BEGIN EXTRACTED RECORDS
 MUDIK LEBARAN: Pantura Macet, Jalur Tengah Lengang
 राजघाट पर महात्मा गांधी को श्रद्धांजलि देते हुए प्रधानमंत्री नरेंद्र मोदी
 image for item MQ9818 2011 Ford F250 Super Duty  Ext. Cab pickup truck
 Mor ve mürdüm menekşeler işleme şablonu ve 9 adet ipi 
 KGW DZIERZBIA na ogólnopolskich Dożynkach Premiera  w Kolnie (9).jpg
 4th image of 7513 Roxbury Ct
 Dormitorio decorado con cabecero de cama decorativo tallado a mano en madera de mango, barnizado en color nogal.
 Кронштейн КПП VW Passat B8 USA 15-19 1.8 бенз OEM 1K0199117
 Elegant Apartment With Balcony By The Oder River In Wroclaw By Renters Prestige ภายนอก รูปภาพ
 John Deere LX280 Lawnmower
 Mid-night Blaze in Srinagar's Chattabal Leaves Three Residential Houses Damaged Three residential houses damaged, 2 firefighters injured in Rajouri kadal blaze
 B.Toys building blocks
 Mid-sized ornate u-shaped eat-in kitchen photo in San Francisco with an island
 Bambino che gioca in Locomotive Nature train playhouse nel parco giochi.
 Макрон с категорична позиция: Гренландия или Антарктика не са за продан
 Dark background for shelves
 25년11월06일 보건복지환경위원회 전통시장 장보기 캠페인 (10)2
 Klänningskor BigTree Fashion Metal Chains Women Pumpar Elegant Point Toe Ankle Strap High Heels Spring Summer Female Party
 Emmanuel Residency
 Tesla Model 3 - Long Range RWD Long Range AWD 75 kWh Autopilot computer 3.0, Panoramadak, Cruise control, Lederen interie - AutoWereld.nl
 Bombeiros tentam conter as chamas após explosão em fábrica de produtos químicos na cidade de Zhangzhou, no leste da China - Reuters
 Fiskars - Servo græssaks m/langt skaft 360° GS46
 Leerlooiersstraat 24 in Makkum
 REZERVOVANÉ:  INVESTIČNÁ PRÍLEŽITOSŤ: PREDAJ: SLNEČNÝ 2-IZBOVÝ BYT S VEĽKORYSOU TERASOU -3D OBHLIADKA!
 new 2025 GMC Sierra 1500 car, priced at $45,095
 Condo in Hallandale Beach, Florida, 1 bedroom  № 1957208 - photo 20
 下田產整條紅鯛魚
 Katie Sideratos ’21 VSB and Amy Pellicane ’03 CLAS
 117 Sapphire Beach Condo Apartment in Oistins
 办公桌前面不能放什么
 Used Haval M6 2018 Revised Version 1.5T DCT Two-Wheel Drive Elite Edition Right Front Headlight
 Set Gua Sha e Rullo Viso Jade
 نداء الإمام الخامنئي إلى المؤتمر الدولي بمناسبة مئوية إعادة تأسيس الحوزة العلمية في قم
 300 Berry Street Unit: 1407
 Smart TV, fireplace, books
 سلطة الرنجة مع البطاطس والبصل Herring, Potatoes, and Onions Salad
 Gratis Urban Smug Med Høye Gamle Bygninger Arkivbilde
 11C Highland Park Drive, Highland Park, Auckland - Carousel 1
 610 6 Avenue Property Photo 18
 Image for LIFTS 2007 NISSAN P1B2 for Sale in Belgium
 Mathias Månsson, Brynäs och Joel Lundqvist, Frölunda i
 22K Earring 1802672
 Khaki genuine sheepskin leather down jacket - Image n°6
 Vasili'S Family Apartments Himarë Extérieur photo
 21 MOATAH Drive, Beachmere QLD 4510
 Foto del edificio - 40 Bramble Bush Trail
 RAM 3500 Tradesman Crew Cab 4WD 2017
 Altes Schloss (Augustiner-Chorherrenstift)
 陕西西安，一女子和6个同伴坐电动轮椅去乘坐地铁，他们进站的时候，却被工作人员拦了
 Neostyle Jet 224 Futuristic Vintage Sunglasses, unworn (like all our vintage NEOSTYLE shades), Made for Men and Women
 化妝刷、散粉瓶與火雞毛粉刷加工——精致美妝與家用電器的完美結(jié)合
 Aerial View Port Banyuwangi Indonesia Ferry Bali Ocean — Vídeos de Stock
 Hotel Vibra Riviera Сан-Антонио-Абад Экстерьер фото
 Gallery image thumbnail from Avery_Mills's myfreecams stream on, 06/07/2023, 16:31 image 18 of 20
END EXTRACTED RECORDS
* [TASK]:
Only the lines above, from the first through the one holding "4th image of 7513 Roxbury Ct", are to be output, and they must be copied exactly.

* [WRITTEN REPLY]:
 MUDIK LEBARAN: Pantura Macet, Jalur Tengah Lengang
 राजघाट पर महात्मा गांधी को श्रद्धांजलि देते हुए प्रधानमंत्री नरेंद्र मोदी
 image for item MQ9818 2011 Ford F250 Super Duty  Ext. Cab pickup truck
 Mor ve mürdüm menekşeler işleme şablonu ve 9 adet ipi 
 KGW DZIERZBIA na ogólnopolskich Dożynkach Premiera  w Kolnie (9).jpg
 4th image of 7513 Roxbury Ct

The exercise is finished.